System with 100% Accuracy Over 55 Years: "Bear Market Has Started"

tkp · October 15, 2015, 8:33pm

The fact is that on P123 as of 2015-10-10 out of 167 R2Gs with at least 360 days since launch only 5 R2Gs OOS outperform their IS performance, 4 out of 5 R2Gs outperforming are FREE.

InspectorSector · October 15, 2015, 9:29pm

What does that tell you Konstantin?

geov · October 16, 2015, 1:27am

Hi everybody,

These discussions are getting us nowhere. There is one group of stocks in the S&P500 which show an annualized return of 20% from 2000 to now. They are the BESTOGA stocks, short for Beer, Spirits, Tobacco and Gambling. The recent takeover bid from Anheuser-Bush for SAB-Miller with a 40% premium for SAB-Millers shares is an example why this group is exiting. TAP gained 10% on Tuesday 10-13-15.
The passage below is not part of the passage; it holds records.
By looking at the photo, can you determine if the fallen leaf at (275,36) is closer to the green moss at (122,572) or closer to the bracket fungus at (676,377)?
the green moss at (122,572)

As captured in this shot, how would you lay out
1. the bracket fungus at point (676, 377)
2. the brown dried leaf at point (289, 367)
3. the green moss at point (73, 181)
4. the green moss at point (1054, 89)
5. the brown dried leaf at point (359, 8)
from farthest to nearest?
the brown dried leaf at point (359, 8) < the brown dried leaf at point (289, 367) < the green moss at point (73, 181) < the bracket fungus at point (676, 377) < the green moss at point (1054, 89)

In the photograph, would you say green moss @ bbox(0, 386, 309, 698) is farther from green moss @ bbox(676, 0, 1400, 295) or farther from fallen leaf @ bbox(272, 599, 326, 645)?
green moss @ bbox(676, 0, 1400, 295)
Steve has a model for them, but no subscribers. I have the BESTOGA3 on my website. I can assure you everybody is exited. Here is the link to the model description. http://imarketsignals.com/2015/trading-the-beer-spirits-tobacco-gambling-stocks-of-the-sp500-with-the-im-bestoga-3-system/

Even better is Combo3b. This combines 2 of my ETF models with BESTOGA3. Have a look at the combo description.
http://imarketsignals.com/2015/im-combo3b-a-model-combining-the-bestspy-sh-best1sector-spdr-and-bestoga3/

But BESTOGA3 cannot be a R2G model because it only holds 3 stocks. The universe currently has only 7 stocks. You can consistently buy all the BESTOGA stocks of the S&P500, rebalance to equal weight every 3 months, and based on past performance you should get a good return.

BTW, if you think that these stocks are socially unacceptable, then think again. TIAA-CREF, the retirement financial service organization for teachers, has all the BESTOGA stocks in their $110B stock account.
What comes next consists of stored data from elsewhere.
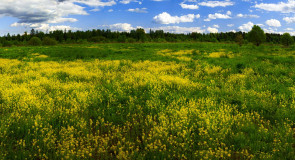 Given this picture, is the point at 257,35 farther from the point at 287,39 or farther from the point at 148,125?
the point at 148,125

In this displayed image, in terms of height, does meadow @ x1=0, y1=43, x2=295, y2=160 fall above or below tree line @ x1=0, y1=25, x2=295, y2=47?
below

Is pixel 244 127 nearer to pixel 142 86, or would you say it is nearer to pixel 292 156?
pixel 292 156

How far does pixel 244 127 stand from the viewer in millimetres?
4836

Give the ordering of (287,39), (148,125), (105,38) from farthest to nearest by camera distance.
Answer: (105,38)
(287,39)
(148,125)

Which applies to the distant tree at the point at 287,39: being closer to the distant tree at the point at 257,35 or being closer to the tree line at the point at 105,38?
the tree line at the point at 105,38

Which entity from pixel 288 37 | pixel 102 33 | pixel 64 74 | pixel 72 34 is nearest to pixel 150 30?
pixel 102 33

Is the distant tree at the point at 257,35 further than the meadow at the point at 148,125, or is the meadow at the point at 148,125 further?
the distant tree at the point at 257,35

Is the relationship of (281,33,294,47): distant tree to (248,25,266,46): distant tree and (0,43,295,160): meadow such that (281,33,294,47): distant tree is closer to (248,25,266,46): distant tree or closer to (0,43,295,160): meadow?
(248,25,266,46): distant tree

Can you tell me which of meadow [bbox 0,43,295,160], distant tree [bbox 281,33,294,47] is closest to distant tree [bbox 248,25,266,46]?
distant tree [bbox 281,33,294,47]

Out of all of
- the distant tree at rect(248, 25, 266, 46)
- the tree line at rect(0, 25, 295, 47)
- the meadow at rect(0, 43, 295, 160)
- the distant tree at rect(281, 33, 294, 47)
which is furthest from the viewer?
the tree line at rect(0, 25, 295, 47)

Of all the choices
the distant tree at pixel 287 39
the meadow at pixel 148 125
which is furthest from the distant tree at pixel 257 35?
the meadow at pixel 148 125

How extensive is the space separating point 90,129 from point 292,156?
16.7ft

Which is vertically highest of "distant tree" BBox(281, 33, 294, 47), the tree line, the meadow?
the tree line

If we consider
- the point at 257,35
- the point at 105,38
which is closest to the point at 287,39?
the point at 257,35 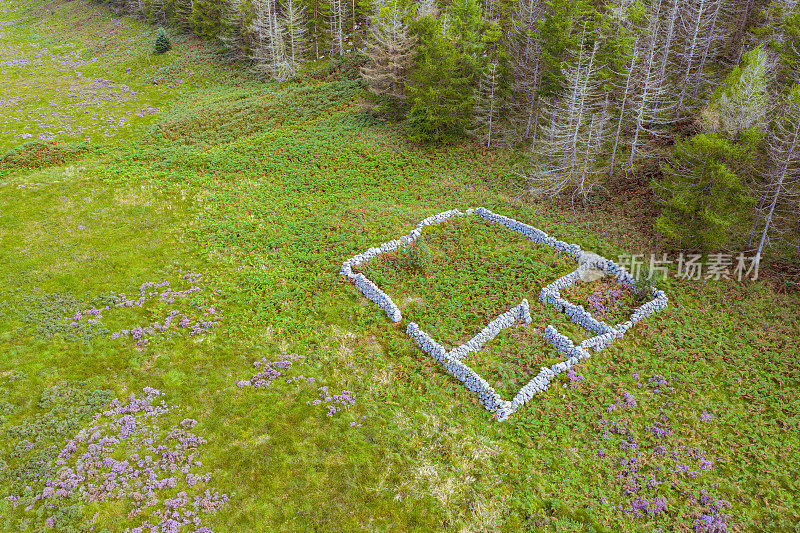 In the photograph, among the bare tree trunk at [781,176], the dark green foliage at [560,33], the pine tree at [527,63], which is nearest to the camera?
the bare tree trunk at [781,176]

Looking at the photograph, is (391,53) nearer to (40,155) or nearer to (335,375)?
(335,375)

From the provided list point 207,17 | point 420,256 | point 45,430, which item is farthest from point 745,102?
point 207,17

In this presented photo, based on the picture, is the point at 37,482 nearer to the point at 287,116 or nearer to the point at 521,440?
the point at 521,440

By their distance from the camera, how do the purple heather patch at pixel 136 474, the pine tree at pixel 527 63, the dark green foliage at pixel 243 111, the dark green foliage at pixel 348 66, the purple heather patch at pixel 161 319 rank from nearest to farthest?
the purple heather patch at pixel 136 474 → the purple heather patch at pixel 161 319 → the pine tree at pixel 527 63 → the dark green foliage at pixel 243 111 → the dark green foliage at pixel 348 66

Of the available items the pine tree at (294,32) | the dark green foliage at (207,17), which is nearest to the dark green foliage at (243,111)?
the pine tree at (294,32)

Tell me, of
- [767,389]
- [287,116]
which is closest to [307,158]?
[287,116]

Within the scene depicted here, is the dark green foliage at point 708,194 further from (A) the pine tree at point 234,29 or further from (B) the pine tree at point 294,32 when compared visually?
(A) the pine tree at point 234,29

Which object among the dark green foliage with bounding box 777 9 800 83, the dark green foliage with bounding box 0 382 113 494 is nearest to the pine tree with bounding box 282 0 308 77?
the dark green foliage with bounding box 0 382 113 494

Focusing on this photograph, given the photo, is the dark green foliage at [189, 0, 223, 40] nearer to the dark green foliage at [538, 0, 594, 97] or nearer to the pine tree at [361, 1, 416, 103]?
the pine tree at [361, 1, 416, 103] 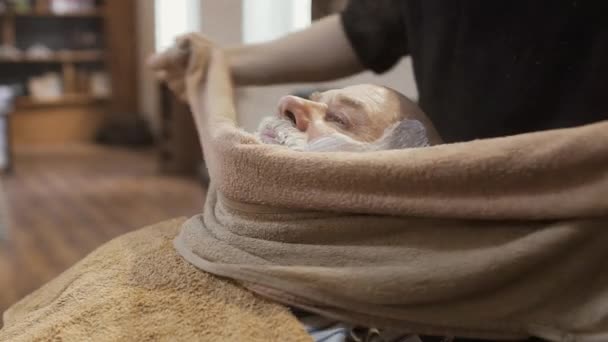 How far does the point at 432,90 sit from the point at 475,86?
5cm

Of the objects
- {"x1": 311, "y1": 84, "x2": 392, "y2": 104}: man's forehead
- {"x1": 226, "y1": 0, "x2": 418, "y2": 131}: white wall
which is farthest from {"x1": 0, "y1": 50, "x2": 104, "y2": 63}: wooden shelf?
{"x1": 311, "y1": 84, "x2": 392, "y2": 104}: man's forehead

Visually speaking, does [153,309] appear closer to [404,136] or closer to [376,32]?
[404,136]

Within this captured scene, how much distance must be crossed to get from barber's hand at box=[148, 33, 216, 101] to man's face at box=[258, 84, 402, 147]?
0.96 ft

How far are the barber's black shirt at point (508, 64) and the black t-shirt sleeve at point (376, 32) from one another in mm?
42

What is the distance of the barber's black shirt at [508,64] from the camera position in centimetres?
58

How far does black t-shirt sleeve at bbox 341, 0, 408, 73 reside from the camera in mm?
808

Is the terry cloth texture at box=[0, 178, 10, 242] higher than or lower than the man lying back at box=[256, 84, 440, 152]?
lower

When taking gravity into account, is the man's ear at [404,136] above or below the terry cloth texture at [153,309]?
above

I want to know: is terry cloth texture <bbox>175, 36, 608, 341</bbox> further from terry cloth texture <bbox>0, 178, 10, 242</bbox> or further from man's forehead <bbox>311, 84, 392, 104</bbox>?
terry cloth texture <bbox>0, 178, 10, 242</bbox>

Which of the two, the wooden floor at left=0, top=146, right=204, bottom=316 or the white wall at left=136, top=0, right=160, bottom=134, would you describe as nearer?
the wooden floor at left=0, top=146, right=204, bottom=316

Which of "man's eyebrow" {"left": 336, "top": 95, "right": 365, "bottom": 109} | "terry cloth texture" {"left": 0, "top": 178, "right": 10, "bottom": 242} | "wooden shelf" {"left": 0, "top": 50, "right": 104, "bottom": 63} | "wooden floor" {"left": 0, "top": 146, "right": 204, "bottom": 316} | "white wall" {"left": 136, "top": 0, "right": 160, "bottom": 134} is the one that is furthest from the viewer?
"wooden shelf" {"left": 0, "top": 50, "right": 104, "bottom": 63}

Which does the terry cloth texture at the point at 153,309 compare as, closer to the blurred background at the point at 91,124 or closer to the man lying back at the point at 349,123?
the man lying back at the point at 349,123

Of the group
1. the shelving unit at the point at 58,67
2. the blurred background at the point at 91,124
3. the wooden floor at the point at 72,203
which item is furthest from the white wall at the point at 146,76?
the wooden floor at the point at 72,203

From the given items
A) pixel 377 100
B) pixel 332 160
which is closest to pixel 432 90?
pixel 377 100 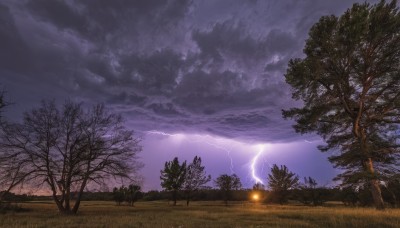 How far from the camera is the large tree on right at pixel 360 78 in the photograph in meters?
21.1

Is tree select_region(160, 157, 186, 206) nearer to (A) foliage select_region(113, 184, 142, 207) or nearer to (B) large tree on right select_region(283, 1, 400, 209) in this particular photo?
(A) foliage select_region(113, 184, 142, 207)

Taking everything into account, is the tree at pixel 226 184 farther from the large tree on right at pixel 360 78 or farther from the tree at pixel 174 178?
the large tree on right at pixel 360 78

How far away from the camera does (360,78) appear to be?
22.4 m

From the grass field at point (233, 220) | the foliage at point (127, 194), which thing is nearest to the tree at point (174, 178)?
the foliage at point (127, 194)

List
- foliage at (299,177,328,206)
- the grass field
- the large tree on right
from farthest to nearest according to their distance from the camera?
foliage at (299,177,328,206) < the large tree on right < the grass field

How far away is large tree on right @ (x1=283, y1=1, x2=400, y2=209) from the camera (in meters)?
21.1

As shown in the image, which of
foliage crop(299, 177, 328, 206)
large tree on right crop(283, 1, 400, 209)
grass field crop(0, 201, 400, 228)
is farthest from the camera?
foliage crop(299, 177, 328, 206)

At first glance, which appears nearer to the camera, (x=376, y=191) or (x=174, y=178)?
(x=376, y=191)

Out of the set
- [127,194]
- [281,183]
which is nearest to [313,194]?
[281,183]

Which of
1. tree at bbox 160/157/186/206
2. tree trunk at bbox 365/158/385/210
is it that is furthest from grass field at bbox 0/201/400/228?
tree at bbox 160/157/186/206

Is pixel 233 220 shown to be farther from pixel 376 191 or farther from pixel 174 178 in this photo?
pixel 174 178

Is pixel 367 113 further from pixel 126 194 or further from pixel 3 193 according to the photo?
pixel 126 194

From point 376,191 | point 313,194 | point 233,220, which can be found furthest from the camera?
point 313,194

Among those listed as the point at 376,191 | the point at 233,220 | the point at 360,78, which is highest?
the point at 360,78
InspectorSector · October 16, 2015, 1:58am

The R2G model that Geov mentioned is here: https://www.portfolio123.com/app/r2g/summary/1375598

This model holds stocks for the long term and applies similar buy/sell rules as my other Tax Smart models. Annual yield is currently 3.8%. And with the long hold time you can earn income by writing calls against the positions if you are into that. All five holdings have options.

Steve

DennyHalwes · October 16, 2015, 3:12am

Konstantin,

I guess it depends on your criteria. The S&P500 is up 7.5% over the last year during a hard year for the market. In fact, today’s close is no higher than the close on 11/07/2014. Of the 167 R2G Ports with 1 year OOS, there are 89 Ports with an OOS return > 7.5%. So if you are trying to beat the S&P500 there are 89 (over half) to choose from.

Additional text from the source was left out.